Stockholm based duo I Break Horses are a bit of an anomaly when it comes to talking about themselves in public. Unlike many of their peers, it's something of a rarity to hear either principal songwriter and arranger Maria Linden or musical partner Fredrik Balck speaking about the band, on stage or otherwise. Indeed it's only recently that I Break Horses have taken to performing live on a regular basis, albeit as a four-piece. However, if last year's excellent Hearts long player is anything to go by, awarded an impressive 8/10 by John Calvert on these very pages, the follow-up could be something very special indeed.
Having witnessed their showstopping performance at Barcelona's Primavera Sound festival in May, even the horrible clash with Low couldn't stop us partaking in another dose of the I Break Horses live experience at Latitude a few weeks ago. Afterwards, DiS hijacked their dressing room and found Maria Linden to be a most accommodating interviewee, far more than we'd been led to believe. Just don't label her band "shoegaze"...

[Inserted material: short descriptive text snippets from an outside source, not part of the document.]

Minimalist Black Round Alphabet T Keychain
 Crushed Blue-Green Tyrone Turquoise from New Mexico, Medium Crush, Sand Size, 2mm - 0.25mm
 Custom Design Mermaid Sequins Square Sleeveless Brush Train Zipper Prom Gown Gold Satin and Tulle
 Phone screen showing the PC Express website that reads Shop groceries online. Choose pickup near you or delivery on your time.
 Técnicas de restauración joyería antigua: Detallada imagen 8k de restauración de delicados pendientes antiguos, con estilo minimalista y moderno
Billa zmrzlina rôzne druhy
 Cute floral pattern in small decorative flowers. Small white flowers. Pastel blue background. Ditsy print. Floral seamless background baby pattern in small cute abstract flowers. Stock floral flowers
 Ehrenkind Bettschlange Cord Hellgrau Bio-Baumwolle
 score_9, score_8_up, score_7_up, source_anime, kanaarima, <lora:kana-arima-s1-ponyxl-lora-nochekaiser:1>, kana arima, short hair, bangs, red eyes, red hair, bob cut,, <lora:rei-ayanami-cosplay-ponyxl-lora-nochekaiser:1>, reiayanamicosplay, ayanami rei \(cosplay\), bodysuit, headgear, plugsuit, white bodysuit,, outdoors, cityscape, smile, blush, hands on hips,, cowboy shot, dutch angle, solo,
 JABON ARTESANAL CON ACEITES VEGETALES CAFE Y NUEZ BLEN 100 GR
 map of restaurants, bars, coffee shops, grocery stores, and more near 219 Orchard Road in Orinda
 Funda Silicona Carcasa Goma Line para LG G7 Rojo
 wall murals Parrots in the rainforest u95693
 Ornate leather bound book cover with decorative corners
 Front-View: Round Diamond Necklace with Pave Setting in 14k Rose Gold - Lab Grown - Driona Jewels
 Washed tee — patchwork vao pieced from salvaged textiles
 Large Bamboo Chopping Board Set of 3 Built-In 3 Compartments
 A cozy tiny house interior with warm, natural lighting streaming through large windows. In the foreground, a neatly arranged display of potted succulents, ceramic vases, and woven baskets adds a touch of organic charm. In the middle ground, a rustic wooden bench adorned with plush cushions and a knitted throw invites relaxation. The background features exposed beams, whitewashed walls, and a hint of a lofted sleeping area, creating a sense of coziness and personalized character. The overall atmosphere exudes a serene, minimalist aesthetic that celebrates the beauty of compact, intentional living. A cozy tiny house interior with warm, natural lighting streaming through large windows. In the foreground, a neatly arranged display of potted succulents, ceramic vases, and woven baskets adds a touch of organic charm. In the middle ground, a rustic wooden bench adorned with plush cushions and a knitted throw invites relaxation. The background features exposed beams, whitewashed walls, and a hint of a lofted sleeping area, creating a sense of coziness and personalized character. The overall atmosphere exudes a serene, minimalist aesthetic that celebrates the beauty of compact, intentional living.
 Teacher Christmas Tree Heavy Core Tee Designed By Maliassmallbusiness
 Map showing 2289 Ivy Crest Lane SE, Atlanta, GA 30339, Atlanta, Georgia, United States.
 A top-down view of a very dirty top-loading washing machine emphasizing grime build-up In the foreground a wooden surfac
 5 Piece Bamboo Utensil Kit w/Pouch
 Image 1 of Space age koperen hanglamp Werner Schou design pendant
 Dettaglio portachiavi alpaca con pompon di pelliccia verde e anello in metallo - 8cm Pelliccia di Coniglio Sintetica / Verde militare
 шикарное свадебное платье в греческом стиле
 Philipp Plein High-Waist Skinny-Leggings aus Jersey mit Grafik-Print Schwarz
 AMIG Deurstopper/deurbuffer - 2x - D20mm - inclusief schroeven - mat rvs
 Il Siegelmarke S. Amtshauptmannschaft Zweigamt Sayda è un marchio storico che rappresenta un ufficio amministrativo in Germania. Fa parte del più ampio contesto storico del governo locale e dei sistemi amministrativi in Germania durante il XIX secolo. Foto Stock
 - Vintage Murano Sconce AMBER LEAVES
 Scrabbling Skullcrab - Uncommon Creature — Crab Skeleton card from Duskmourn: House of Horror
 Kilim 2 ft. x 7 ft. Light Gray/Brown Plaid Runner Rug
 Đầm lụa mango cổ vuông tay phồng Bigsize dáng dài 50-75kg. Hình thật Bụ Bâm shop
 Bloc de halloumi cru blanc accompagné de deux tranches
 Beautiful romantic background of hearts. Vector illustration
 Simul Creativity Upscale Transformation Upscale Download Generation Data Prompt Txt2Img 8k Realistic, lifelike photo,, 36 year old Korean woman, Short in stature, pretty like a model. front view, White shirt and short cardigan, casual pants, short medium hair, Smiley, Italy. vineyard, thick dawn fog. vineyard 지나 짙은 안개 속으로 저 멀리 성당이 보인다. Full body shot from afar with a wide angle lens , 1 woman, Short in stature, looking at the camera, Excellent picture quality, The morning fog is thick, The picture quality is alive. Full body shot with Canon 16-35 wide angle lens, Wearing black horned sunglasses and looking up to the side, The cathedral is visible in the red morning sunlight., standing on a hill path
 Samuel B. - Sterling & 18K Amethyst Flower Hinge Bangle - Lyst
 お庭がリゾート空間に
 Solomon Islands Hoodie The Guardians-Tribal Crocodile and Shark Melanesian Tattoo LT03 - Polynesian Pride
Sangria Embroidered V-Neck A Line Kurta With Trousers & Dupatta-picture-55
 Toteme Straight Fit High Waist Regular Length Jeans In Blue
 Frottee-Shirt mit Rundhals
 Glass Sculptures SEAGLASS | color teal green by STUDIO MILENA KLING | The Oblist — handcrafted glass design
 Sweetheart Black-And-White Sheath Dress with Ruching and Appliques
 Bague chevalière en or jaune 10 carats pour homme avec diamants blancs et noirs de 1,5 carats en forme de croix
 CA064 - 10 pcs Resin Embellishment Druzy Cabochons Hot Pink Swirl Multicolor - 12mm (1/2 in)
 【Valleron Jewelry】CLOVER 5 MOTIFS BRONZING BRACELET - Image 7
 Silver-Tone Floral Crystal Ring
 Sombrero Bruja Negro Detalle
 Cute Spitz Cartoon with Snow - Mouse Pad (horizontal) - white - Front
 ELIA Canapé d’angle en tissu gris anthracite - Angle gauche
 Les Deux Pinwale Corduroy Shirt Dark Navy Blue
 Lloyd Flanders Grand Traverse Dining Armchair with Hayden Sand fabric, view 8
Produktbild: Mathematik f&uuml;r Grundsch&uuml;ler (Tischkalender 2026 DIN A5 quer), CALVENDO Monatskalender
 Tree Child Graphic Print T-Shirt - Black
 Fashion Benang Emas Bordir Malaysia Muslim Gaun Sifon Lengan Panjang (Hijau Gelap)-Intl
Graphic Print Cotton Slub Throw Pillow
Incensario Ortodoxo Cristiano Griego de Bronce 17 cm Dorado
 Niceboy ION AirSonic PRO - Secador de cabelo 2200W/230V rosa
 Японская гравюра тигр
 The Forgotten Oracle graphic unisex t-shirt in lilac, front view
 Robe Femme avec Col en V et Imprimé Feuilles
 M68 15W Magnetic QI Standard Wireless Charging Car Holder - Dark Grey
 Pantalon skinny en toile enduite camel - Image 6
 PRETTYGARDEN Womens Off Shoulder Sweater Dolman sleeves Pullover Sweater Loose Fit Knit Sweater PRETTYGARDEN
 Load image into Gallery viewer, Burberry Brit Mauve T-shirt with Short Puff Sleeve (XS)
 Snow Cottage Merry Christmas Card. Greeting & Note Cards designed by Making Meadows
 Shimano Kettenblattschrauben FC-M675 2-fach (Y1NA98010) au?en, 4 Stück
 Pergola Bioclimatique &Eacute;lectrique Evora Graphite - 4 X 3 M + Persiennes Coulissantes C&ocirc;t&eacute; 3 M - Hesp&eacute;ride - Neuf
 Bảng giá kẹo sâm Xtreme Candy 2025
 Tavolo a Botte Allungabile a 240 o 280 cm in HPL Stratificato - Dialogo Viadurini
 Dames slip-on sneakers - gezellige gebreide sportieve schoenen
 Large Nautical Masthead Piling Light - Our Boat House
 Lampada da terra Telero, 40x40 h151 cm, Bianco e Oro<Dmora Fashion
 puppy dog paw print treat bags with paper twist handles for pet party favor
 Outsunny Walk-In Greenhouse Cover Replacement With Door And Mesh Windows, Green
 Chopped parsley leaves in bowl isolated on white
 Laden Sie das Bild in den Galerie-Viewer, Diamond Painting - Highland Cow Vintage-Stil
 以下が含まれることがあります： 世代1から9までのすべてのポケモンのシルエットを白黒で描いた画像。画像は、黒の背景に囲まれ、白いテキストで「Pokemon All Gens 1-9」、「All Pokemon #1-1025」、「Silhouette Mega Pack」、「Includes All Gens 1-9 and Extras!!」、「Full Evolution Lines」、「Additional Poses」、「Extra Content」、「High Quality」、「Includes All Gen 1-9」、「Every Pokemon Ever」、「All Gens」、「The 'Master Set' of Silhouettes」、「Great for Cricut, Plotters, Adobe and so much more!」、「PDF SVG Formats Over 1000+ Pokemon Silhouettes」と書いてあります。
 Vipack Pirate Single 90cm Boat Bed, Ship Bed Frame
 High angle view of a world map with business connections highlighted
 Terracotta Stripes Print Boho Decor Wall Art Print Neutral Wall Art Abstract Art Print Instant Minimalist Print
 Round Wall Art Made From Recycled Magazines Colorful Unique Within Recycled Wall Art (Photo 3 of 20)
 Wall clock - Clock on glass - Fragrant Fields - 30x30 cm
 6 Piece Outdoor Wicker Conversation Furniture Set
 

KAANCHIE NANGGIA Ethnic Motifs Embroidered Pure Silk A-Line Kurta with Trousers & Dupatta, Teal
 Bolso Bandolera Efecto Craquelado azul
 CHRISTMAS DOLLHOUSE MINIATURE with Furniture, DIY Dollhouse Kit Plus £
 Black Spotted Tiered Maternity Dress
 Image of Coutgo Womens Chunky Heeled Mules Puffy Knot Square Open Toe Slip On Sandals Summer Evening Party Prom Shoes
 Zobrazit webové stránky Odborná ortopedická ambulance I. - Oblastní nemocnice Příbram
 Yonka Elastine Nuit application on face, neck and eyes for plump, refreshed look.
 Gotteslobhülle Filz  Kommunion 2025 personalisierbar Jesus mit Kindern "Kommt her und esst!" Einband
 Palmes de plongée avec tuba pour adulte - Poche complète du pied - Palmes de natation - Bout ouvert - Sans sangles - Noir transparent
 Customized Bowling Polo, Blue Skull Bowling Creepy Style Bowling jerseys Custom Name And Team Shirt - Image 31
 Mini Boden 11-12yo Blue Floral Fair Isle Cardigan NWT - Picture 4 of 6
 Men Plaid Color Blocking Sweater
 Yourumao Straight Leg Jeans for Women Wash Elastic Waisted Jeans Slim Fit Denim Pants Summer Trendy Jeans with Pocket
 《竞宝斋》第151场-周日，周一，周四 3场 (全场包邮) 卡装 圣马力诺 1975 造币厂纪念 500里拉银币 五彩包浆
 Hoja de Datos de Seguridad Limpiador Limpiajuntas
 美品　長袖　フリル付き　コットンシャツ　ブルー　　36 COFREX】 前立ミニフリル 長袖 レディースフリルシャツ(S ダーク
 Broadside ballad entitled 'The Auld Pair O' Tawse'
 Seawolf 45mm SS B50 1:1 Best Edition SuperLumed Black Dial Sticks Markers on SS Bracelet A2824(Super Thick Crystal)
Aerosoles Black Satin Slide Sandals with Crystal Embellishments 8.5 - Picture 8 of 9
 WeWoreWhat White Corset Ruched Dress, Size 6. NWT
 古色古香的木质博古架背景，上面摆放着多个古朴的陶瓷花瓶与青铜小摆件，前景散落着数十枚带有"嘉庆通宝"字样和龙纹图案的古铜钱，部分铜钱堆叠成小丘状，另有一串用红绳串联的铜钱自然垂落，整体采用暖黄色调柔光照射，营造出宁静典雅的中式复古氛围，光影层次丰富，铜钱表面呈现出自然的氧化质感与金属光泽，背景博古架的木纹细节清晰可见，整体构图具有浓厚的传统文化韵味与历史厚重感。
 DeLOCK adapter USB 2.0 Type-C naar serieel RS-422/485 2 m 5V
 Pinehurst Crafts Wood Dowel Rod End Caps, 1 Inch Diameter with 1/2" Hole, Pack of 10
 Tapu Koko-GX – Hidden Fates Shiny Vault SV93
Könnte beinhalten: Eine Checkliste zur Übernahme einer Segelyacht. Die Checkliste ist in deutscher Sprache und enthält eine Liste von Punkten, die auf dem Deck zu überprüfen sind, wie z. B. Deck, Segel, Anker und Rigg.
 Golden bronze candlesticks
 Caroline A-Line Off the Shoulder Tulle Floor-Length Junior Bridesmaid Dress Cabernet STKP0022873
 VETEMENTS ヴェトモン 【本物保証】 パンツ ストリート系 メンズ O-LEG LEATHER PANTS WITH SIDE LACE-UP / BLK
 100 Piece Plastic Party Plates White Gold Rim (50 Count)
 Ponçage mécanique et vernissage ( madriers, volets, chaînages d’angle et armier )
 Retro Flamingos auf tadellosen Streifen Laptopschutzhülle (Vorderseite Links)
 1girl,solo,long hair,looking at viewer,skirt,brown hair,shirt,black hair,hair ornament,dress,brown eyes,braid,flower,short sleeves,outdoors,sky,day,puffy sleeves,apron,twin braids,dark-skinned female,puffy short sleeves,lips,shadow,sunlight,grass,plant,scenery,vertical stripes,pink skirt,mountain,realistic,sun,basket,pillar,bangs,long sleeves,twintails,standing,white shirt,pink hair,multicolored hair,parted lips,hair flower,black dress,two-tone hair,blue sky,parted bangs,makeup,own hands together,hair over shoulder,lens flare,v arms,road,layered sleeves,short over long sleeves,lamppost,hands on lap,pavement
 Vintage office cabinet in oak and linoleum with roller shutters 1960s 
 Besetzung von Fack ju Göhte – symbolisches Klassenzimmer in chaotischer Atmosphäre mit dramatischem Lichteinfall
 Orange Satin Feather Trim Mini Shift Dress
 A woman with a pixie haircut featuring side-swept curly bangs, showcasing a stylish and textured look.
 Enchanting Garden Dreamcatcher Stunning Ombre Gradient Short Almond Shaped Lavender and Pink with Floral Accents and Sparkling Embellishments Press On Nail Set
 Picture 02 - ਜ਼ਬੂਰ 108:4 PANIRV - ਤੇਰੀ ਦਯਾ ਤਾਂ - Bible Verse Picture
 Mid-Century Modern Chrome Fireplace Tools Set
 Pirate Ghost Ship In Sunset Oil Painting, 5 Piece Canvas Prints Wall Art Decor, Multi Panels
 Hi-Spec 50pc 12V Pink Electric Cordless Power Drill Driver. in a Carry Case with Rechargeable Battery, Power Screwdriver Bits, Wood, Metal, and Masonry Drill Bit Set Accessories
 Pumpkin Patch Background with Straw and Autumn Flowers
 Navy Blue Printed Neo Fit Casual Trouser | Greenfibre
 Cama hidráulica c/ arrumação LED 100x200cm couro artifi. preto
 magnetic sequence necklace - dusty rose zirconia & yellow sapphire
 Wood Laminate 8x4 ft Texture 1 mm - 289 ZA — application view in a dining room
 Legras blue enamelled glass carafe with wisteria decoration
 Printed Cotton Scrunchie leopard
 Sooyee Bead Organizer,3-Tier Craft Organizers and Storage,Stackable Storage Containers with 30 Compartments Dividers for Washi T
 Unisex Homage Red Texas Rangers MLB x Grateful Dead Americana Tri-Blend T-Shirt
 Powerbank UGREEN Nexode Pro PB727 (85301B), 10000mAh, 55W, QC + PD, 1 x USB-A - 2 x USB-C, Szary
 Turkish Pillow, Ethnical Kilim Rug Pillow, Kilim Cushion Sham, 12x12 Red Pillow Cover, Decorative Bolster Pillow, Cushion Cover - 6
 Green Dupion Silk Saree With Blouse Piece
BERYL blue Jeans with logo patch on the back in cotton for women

DiS: Your show earlier today was quite incredible. How was it for you onstage?
Maria: You know what, we had so many technical problems out there. We were struggling to hear ourselves for most of the set, so I'm glad it sounded OK out front. This is such a beautiful place to play so I wouldn't want people to come away not enjoying our set. It is always difficult playing festivals because the changeover between bands is so fast that it's rare to be given a soundcheck, and with us, so much depends on technology.
DiS: It's interesting you say that because, admittedly for a lot of artists this weekend, the sound on the I Arena stage has been very hit and miss - Wooden Shjips, the band who played directly before you being one example that immediately springs to mind - but it seemed like I Break Horses were the first artists there where everything came together.
Maria: I guess one of the reasons I'm unhappy with the sound is because I'm such a huge control freak! Festivals aren't ideal for me because I really need to have a proper soundcheck to make sure we have everything in order. But at the same time, I love being here in the UK and sometimes I have to let go of the perceived problems on stage.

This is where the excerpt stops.